En nombre de todos los que sufren en todos los continentes, de las víctimas del odio y de la violencia entre los hombres, de todos aquellos que mueren por causa de la guerra, del abuso del poder, del terrorismo, de la avidez y de la sed de poseer, en nombre de todos los “desaparecidos”, cuya identidad está escondida por el horror de las fosas comunes; en nombre de todas las mujeres y de los hombres, adultos y niños, que han sido torturados y han sufrido abusos en el cuerpo y en el alma; en nombre de aquellos que han sido deportados, obligados a abandonar sus casas, los espacios físicos y sociales, sus raíces y culturas, sus tradiciones y los recuerdos más hermosos. En nombre de aquellos que han sido secuestrados, cuya vida ha sido arrebatada y usada como mercancía de intercambio para satisfacer el hambre y la ambición de potentes señores de la guerra y de criminales. En nombre de todos aquellos que en este preciso instante, mientras estamos hablando gritan en el dolor, cuya sangre y cuyas lágrimas son engullidas por la indiferencia del género humano y cuya invocación de ayuda no conseguimos escuchar. En nombre de todos ellos, os imploro que comuniquéis a todas las naciones de la tierra este afligido manifiesto, que brota del profundo de nuestros corazones, del lugar en el que custodiamos toda memoria, todo sueño, toda aspiración, toda certidumbre.
Decid a las naciones “¡tened fe, no os rindáis!” porque nosotros, que hemos sufrido y lo hemos perdido todo, no hemos perdido la esperanza. Os pedimos creer que un mundo mejor es posible, que el bien vence siempre al mal, y que los días que vendrán serán el principio del tiempo del espíritu, que nosotros estábamos esperando.

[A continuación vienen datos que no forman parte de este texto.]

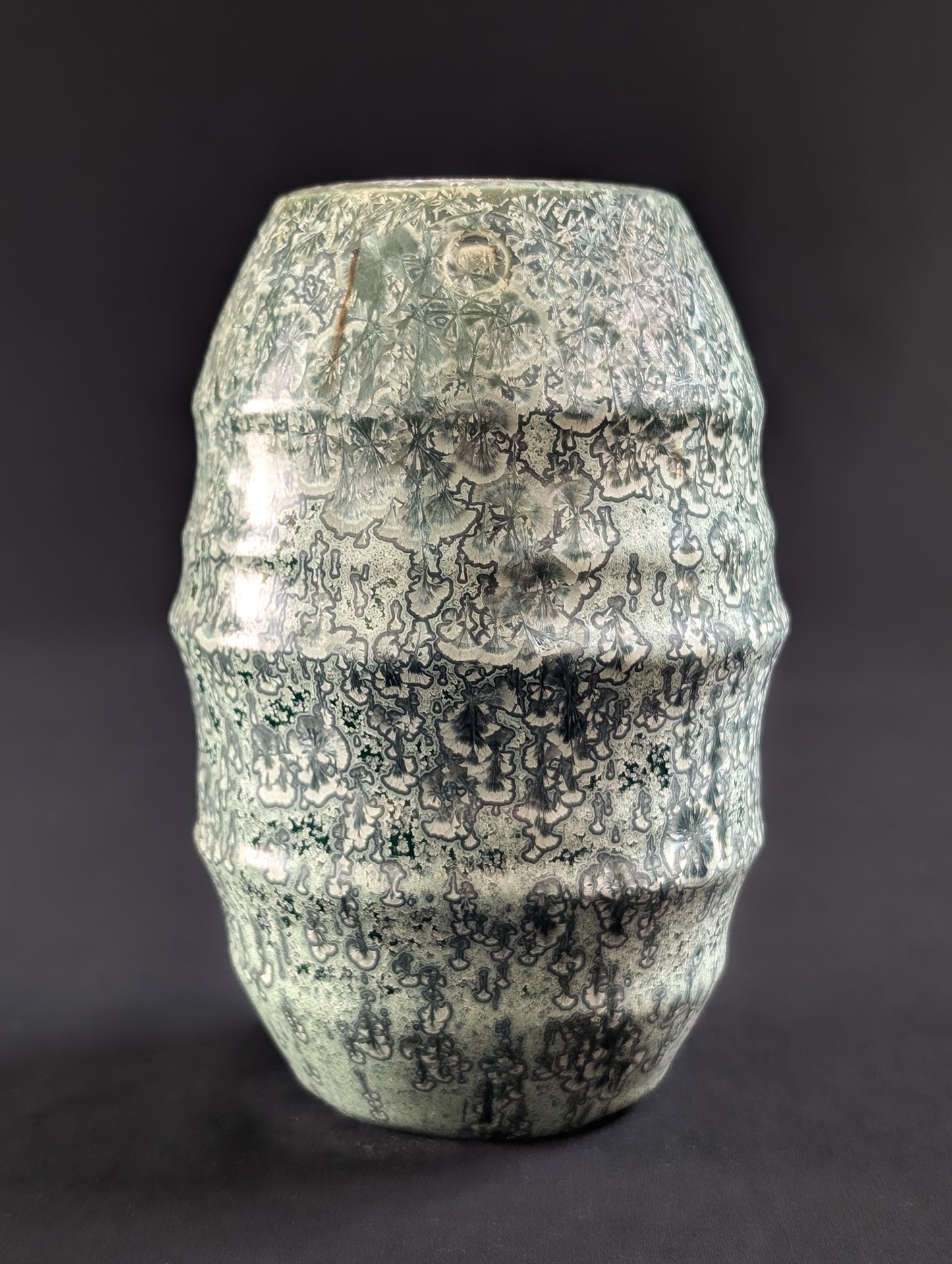 Unique green crystalline vase with silver crystal patterns and organic ribbed shape, handmade by Robbin Harris.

Las soluciones que hemos estado buscando, y de las que tenemos necesidad, no vendrán de la inteligencia de los hombres sino de la fuerza del amor. Los hombres y las mujeres del mundo sienten el vacío de una vida dedicada al consumo, donde el señor del universo es el yo de cada uno.
Los valores de nuestra civilización deben cambiar: no más sed de poder y de avaricia, sino servicio y don.
El verdadero cambio debe comenzar en cada uno de nosotros. Y es de la suma de los cambios que cada uno es capaz de realizar que podremos construir un mundo mejor.
Si aceptamos trabajar en nosotros mismos, para ser, día tras día, más humildes y más compasivos, menos egoístas y más dispuestos a actuar de forma solidaria, más tolerantes y más comprometidos en resolver los problemas, en lugar de crear problemas nuevos, entonces seremos capaces de infundir los valores de armonía y de paz alrededor nuestro, y a través de nuestro ejemplo, comenzaremos a poner los cimientos de una nueva civilización de la paz.
Esta búsqueda de crecimiento espiritual nos guiará a un mundo nuevo. Los guías y los líderes de nuestro tiempo deben poner de acuerdo las propias acciones para dirigirse a esta realidad, encarnando hombres y mujeres nuevos para una nueva era.
Cada uno de nosotros tiene el poder y la libertad de realizar el mal o el bien. Podemos expresar lo peor o lo mejor de nosotros. Es una elección y nosotros, víctimas de lo peor, sabemos que la línea que divide el bien del mal es tan fina que no hay ninguna ley que pueda impedir escoger el mal si no se dirige la mirada a Dios.
Al hacer esto, comprometámonos juntos a ver las religiones no como muros que dividen, sino como puentes que nos unen. No olvidemos que la felicidad a la que aspira el mundo florecerá cuando nuestra fe no será utilizada con fines políticos, sino para transformar la política.
Nosotros somos los constructores de un tiempo nuevo, aquellos que inauguran un tiempo nuevo del espíritu. Estamos seguros, en lo profundo de nuestros corazones, de que nuestro tiempo es el oportuno para que los sueños se hagan realidad. Con fe todo es posible.